Cliquer ici pour voir la vidéo.

À la recherche de l’autonomie technologique, Hacksol entre en scène sur les coups de 19h00, dans la nave trapecio, un grand hangar qui sert de salle de réunion. Ils font œuvre de pédagogie, expliquent la nouvelle organisation et les buts recherchés : décentraliser le mouvement – Madrid ne sera plus le point de passage obligé – et se répartir la charge sur la gestion des infrastructures web.

Chaque ville devra se mettre en contact avec des programmateurs ou des hackers de confiance. La red tiene que ser libre, tiene que ser nuestra (le Net doit rester libre, il doit nous appartenir)

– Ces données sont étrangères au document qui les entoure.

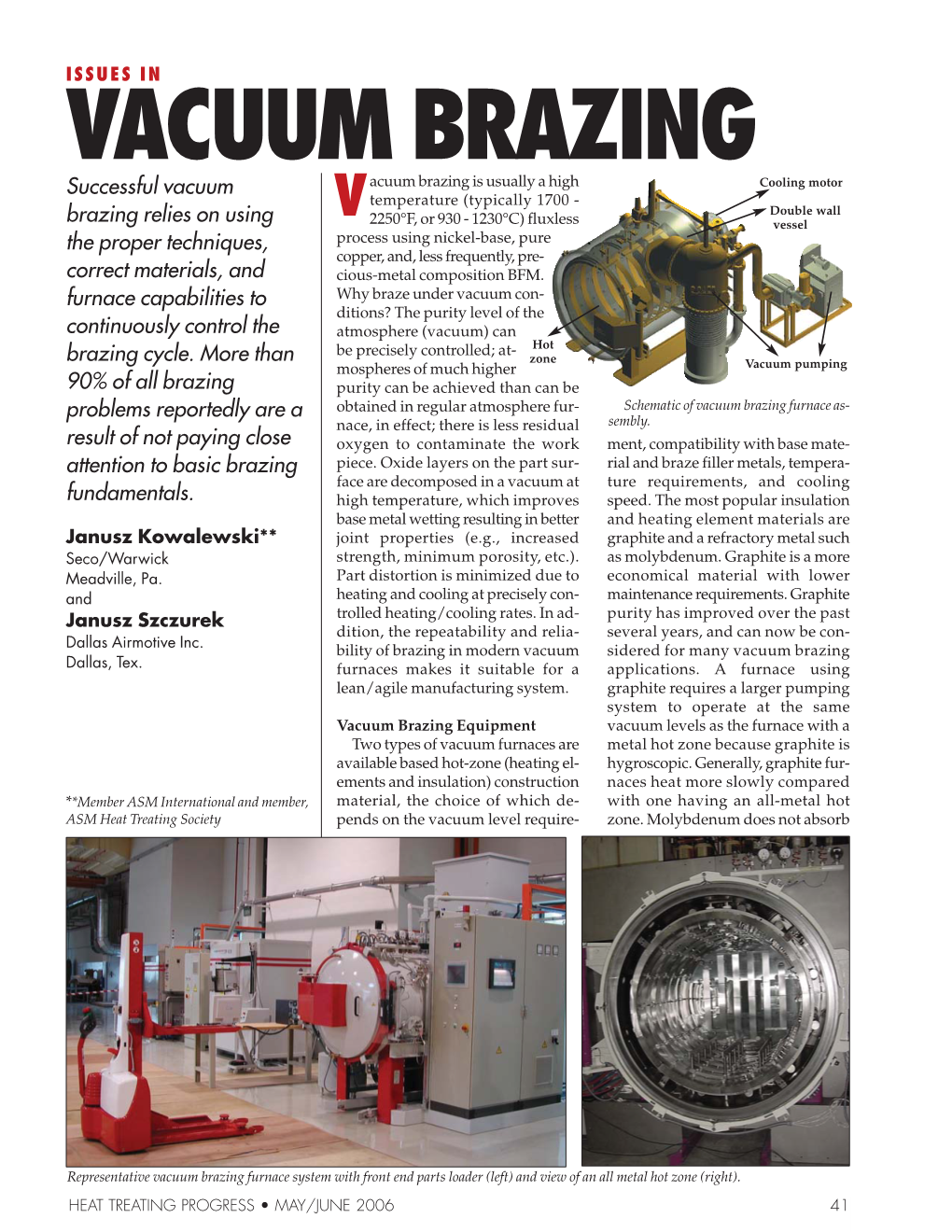 Vacuum Brazing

Sont également abordées les questions juridiques et financières. Qui va payer pour les serveurs ? Qui sera responsable de la base de données des utilisateurs du réseau N-1 auprès de la Commission gouvernementale de la protection de données ? Qui prendra la responsabilité juridique des contenus publiés sur le réseau ?

Vient le tour des questions, où chaque acampada de Séville, Malaga, Algeciras, Oviedo, Donosti – et d’autres villes encore – fait part de ses besoins, mentionne les outils qu’elles utilisent déjà et en propose d’autres. La question du design des sites par exemple, est abordée par plusieurs acampadas et très rapidement, la décision est prise de mettre en place une coordination nationale des graphistes et des webmasters, avec une liste de discussion sur le modèle de celle qui existe déjà pour les programmeurs. Le représentant d’Algeciras invite même Hacksol à faire des ateliers de formation au web sur la plage pendant que celui d’Asturie précise qu’ils ont développé une application de co-voiturage qui pourra être mise à disposition de tous. Un autre propose d’utiliser des plateformes de crowdsourcing pour financer les coûts technologiques. L’ambiance est à la fois studieuse et bon enfant. L’assemblée prendra fin sur les coups de 23h00.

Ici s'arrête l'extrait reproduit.